I think there is a strong value in allowing trivial support for user-defined (or simply other) hashes. Here, that means:

  • not requiring support for HasherT::final()
  • not assuming the return type
101–103

Removed CRTP.

arames updated this revision to Diff 368471.Aug 24 2021, 2:33 PM

Apply clang-format.

arames updated this revision to Diff 368472.Aug 24 2021, 2:41 PM

One more attempt to fix the Windows build.

arames updated this revision to Diff 368482.Aug 24 2021, 3:26 PM
  • Explicitly disable hashable types for the addHash overload (for the Windows build).
  • Introduce checks to confirm debian x64 test failures (to be removed).
dexonsmith added inline comments.Aug 24 2021, 3:35 PM
llvm/include/llvm/Support/HashBuilder.h
61–67

On not requiring HasherT::final, my suggested edit doesn't change that (unless I'm missing something?). The call to HasherT::final is template-dependent. Both before and after the edit, there will be no compile errors if there are no calls to HashBuilder<HasherT>::final, and a compile error if there is such a call. The only semantic difference is whether HashBuilder::final is SFINAE-detectable (compile error because there is no overload for HashBuilder::final vs. compile error because the overload for HashBuilder::final can't be instantiated), which doesn't seem important.

On the return type, I don't see the benefit of allowing flexibility here. I also don't see a tie-in to the argument about trivial support. And there is a cost: generic code that depends on HashBuilder::final will have to reason about other arbitrary return types. It's simpler for clients if this just returns StringRef.

If you still think there's strong value in either of those (which both seem unrelated to allowing use of trivial HasherT types), can you clarify what it is?

arames added inline comments.Aug 24 2021, 3:56 PM
llvm/include/llvm/Support/HashBuilder.h
61–67

Both done. (will be updated in the next arc diff.)

I misunderstood your earlier comment, thinking you suggested to still require HasherT::final(). And I didn't think of simply relying on the template for the purpose.
I felt specializing the interface to follow particular hasher types might not be very wise. I could imagine a hash wanted to return say uint64_t. But since this is hypothetical, I buy the argument of just keeping things simple for now.

arames updated this revision to Diff 368518.Aug 24 2021, 6:08 PM

Ran through the address sanitizer and fixed stack-use-after-scope issues with ArrayRef.

arames updated this revision to Diff 368720.Aug 25 2021, 2:00 PM

Test different variadic impl for Windows.

arames updated this revision to Diff 368748.Aug 25 2021, 3:10 PM

Propagate variadic expansion workaround to the tuple overload.
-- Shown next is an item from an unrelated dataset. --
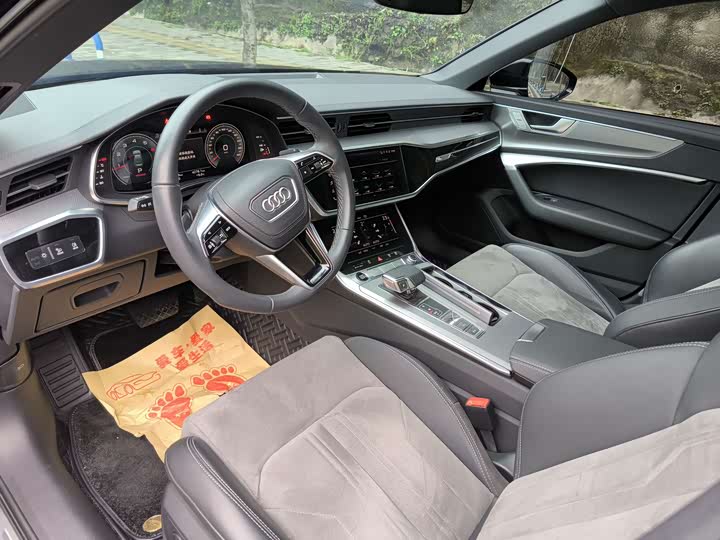 Фото 5 - Audi A6L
arames edited the summary of this revision. (Show Details)Aug 25 2021, 4:14 PM
arames updated this revision to Diff 368788.Aug 25 2021, 6:20 PM

Remove one of the workarounds for Windows.

arames updated this revision to Diff 368802.Aug 25 2021, 9:28 PM

Finalize workaround for Windows.

As far as I can see in the C++ spec section 8.5.4 guarantees evaluation order of
the initializer-list in a braced-init-list. But this not seem to hold with MSVC
19.28.29914.0. So simply use a recursive template instead.

This revision was automatically updated to reflect the committed changes.